Installation and setup
Assuming you have already installed fluentbit on your AWS EKS kubernetes cluster following the workshop instructions we can inspect the configuration and customize the outputs. The standard config file is probably stored in a ConfigMap YAML file with the name like fluent-bit.conf
. Here is the config from the MailSlurp cluster we run our disposable email account services on.
---
apiVersion: v1
kind: ConfigMap
metadata:
name: fluent-bit-config
namespace: amazon-cloudwatch
labels:
k8s-app: fluent-bit
data:
fluent-bit.conf: |
[SERVICE]
Flush 5
Log_Level info
Daemon off
Parsers_File parsers.conf
HTTP_Server ${HTTP_SERVER}
HTTP_Listen 0.0.0.0
HTTP_Port ${HTTP_PORT}
storage.path /var/fluent-bit/state/flb-storage/
storage.sync normal
storage.checksum off
storage.backlog.mem_limit 5M
@INCLUDE application-log.conf
application-log.conf: |
[INPUT]
Name tail
Tag application.*
Exclude_Path /var/log/containers/cloudwatch-agent*, /var/log/containers/fluent-bit*, /var/log/containers/aws-node*, /var/log/containers/kube-proxy*
Path /var/log/containers/*
Docker_Mode On
Docker_Mode_Flush 5
Docker_Mode_Parser container_firstline
Parser docker
DB /var/fluent-bit/state/flb_container.db
Mem_Buf_Limit 50MB
Skip_Long_Lines On
Refresh_Interval 10
Rotate_Wait 30
storage.type filesystem
Read_from_Head ${READ_FROM_HEAD}
[FILTER]
Name kubernetes
Match application.*
Kube_URL https://kubernetes.default.svc:443
Kube_Tag_Prefix application.var.log.containers.
Merge_Log On
Merge_Log_Key log_processed
K8S-Logging.Parser On
K8S-Logging.Exclude On
Labels Off
Annotations Off
[OUTPUT]
Name cloudwatch_logs
Match application.*
region ${AWS_REGION}
log_group_name /aws/containerinsights/${CLUSTER_NAME}/application
log_stream_prefix ${HOST_NAME}-
auto_create_group true
extra_user_agent container-insights
parsers.conf: |
[PARSER]
Name docker
Format json
Time_Key time
Time_Format %Y-%m-%dT%H:%M:%S.%LZ
[PARSER]
Name syslog
Format regex
Regex ^(?<time>[^ ]* {1,2}[^ ]* [^ ]*) (?<host>[^ ]*) (?<ident>[a-zA-Z0-9_\/\.\-]*)(?:\[(?<pid>[0-9]+)\])?(?:[^\:]*\:)? *(?<message>.*)$
Time_Key time
Time_Format %b %d %H:%M:%S
[PARSER]
Name container_firstline
Format regex
Regex (?<log>(?<="log":")\S(?!\.).*?)(?<!\\)".*(?<stream>(?<="stream":").*?)".*(?<time>\d{4}-\d{1,2}-\d{1,2}T\d{2}:\d{2}:\d{2}\.\w*).*(?=})
Time_Key time
Time_Format %Y-%m-%dT%H:%M:%S.%LZ
[PARSER]
Name cwagent_firstline
Format regex
Regex (?<log>(?<="log":")\d{4}[\/-]\d{1,2}[\/-]\d{1,2}[ T]\d{2}:\d{2}:\d{2}(?!\.).*?)(?<!\\)".*(?<stream>(?<="stream":").*?)".*(?<time>\d{4}-\d{1,2}-\d{1,2}T\d{2}:\d{2}:\d{2}\.\w*).*(?=})
Time_Key time
Time_Format %Y-%m-%dT%H:%M:%S.%LZ
Take note of the application.conf [INPUT]

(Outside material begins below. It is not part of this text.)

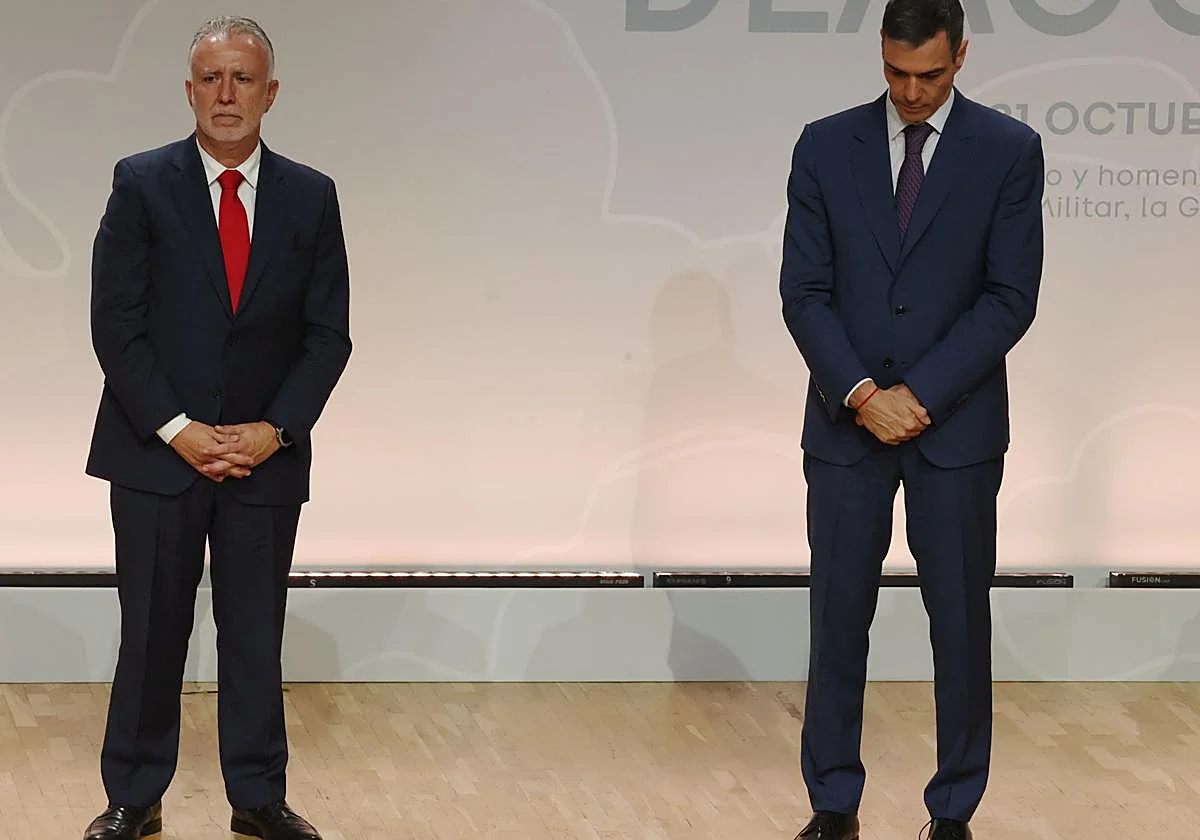 The government will appoint Minister Torres as coordinator of the crisis in Ceuta three weeks after the avalanche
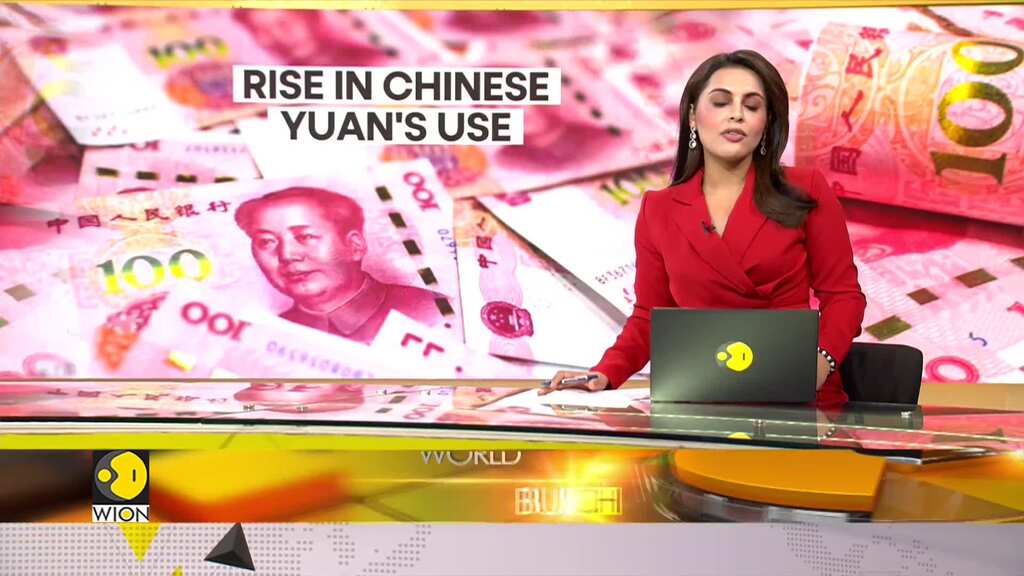 Beijing's Yuan Push as Global Currency in Focus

section. Notice the following line:
Path /var/log/containers/*
This standard setup uses a wildcard pattern to match all container logs mounted inside the FluentBit agent at the /var/log/
directory. In the next section we can modify the Path field or the Exclude_Path property to filter containers for logging and exclude namespaces or pods.
Excluding containers
The easiest way to exclude everything and only include the pods you wish is to change the Path property in your input configuration to include a comma separated list of container patterns that you want to include in the logging pipeline. Here is an example:
application-log.conf: |
[INPUT]
Name tail
Tag application.*
Exclude_Path /var/log/containers/cloudwatch-agent*, /var/log/containers/fluent-bit*, /var/log/containers/aws-node*, /var/log/containers/kube-proxy*
Path /var/log/containers/my-container.log, /var/log/containers/my-other-container.log
Docker_Mode On
Docker_Mode_Flush 5
Docker_Mode_Parser container_firstline
Parser docker
DB /var/fluent-bit/state/flb_container.db
Mem_Buf_Limit 50MB
Skip_Long_Lines On
Refresh_Interval 10
Rotate_Wait 30
storage.type filesystem
Read_from_Head ${READ_FROM_HEAD}
Note that the Path field now matches containers that we wish.